If USAFA were a private institution, this might well be a matter of free speech. The problem, though, is that our tax dollars are being used to force students to practice evangelical Christianity. Pervasive religious pressure? Shouldn’t we be focusing on USAFA’s mission- training future officers to protect and defend the United States?
Welcome to the United States of Jesus….


No atheists in foxholes? Maybe...but since when has the Air Force been in foxholes?!?
The only pilot in a foxhole dug one with his plane. So maybe these guys should spend more time learning not to dig $55,000,000 foxholes, and less time on 2000-year-old fantasies.
Honestly, just because our nuclear arsenal is being put in the hands of people who think that world conflagration is the Lord's will, what's the worst that can happen? Okay, so maybe there's a big war and everybody dies... all that means is the bad people go away and the good people spend eternity going on pony rides with Jesus and Grandma up in heaven! Really, I wish you people would stop being such worry-warts.
As an (enlisted) USAF vet, I find this not merely disturbing but enraging. It flies in the face of everything I learned firsthand in the service; it denies the respect and equality out of which a disparate workforce is forged into a fighting weapon worthy of this nation's defense. It sows discord between officer and enlisted, between faith and faith, between rank and rank; it deliberately breaks down unit cohesiveness and esprit d' corps, and it does so in the name of Jesus, which is the biggest crock of all.

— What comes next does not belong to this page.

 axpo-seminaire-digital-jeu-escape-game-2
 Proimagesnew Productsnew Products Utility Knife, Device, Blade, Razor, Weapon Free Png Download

The enlisted ranks in my day showed by training, practice, example, expectation and everyday operations, a huge openness toward one's fellow airmen's faiths, whatsoever those might be, just as the UCMJ and the code of conduct expected of enlisted airmen and noncoms both enforced the practice that one treat one's colleagues well without regard for the shade of the skin or the shape of the plumbing systems enclosed thereby.
The Self-identified evangelical Christians behind this whole movement may not all realize it, but their leadership is pure unadulterated kkk and once they force you to profess faith in Christ they will have no qualms about forcing you to act on that faith by discriminating against the heathen.
The heathen being Muslims, Jews, Buddhists, Confucians, Mormons, Catholics, Unitarians, pagans, wiccans, atheists, agnostics ... and anybody who doesn't bow to this week's chosen hellfire-and-brimstone exploiter of the dumber, the weaker, and the conformists in the community at large -- or anybody whose skin isn't lily-white, hair straight, gender identity traditional, sex married, and eyes blue.
Make no mistake. They want to undo everything back to the 1870s. EVERYTHING. They'll bring back lynching if they're not stopped.
I don't usually hate people. But I do hate evil, and the exploitive nature of these scumsucking freeloaders is nothing more, less or other than evil. That they spread their lies in the name of Christ is more evil still, and I hope they find the fate they deserve as blasphemers.